Goal: Detect the focus of attention and the modification of the region of interest of the user (note that we are ONLY interested in the regions of interest for the user, not on the trajectory of the eye itself!) Based on that, some regions of interest can be drawn on the image.

Tasks to do:

  • develop an application able to detect and track the eye in video;
  • identify the corresponding observed (focused) locations (areas) on the screen and the trajectory of the eye on the screen;
  • mark the regions of interest and their evolution/change in time

Tools

OpenCV is a computer vision library originally developed by Intel. It is free for commercial and research use under the open source BSDlicense. The library is cross-platform, and runs on Windows, Mac OS X, Linux, PSP, VCRT (Real-Time OS on Smart camera) and other embedded devices.

Emgu CV is a cross platform .Net wrapper to the Intel OpenCV image-processing library. Allowing OpenCV functions to be called from .NET compatible languages such as C#, VB, VC++, IronPython etc.
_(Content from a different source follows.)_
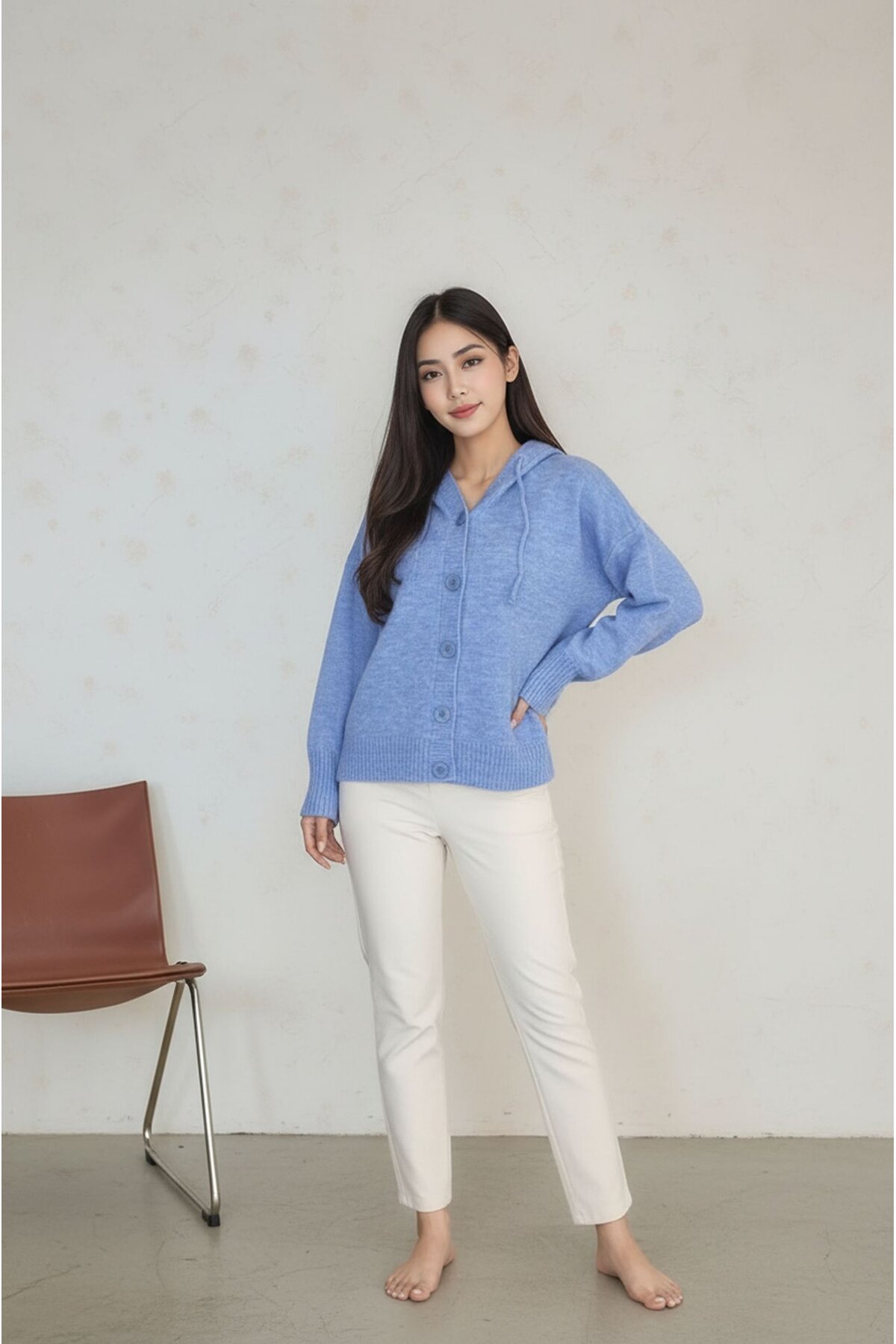 Kadın Kapüşonlu Önden Düğmeli Yumoş Triko Spor Şık Tesettüre Uygun Kışlık Ceket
C# is a multi-paradigm programming language encompassing functional, imperative, generic, object-oriented (class-based), and component-oriented programming disciplines. It was developed by Microsoft within the .NET initiative and later approved as a standard by Ecma (ECMA-334) and ISO (ISO/IEC 23270). C# is one of the programming languages designed for the Common Language Infrastructure.

MATLAB is a numerical computing environment and fourth generation programming language. Developed by The MathWorks, MATLAB allows matrix manipulation, plotting of functions and data, implementation of algorithms, creation of user interfaces, and interfacing with programs in other languages. Although it is numeric only, an optional toolbox uses the MuPAD symbolic engine, allowing access to computer algebra capabilities. An additional package, Simulink, adds graphical multidomain simulation and Model-Based Design for dynamic and embedded systems.

Implementation

We used Haar-like features for face detection. Haar-like features are digital image features used in object recognition.

Then we reduced the face region and split it to region of eyes.

To detect the region of eyes we used also Haar-like features. Then contrast enhancement on the detected eye region was applied.

Circular Hough transformation was applied for detection of the pupil. The Hough transform is a feature extraction technique. The classical Hough transform was concerned with the identification of lines in the image, but later the Hough transform has been extended to identifying positions of arbitrary shapes, most commonly circles or ellipses.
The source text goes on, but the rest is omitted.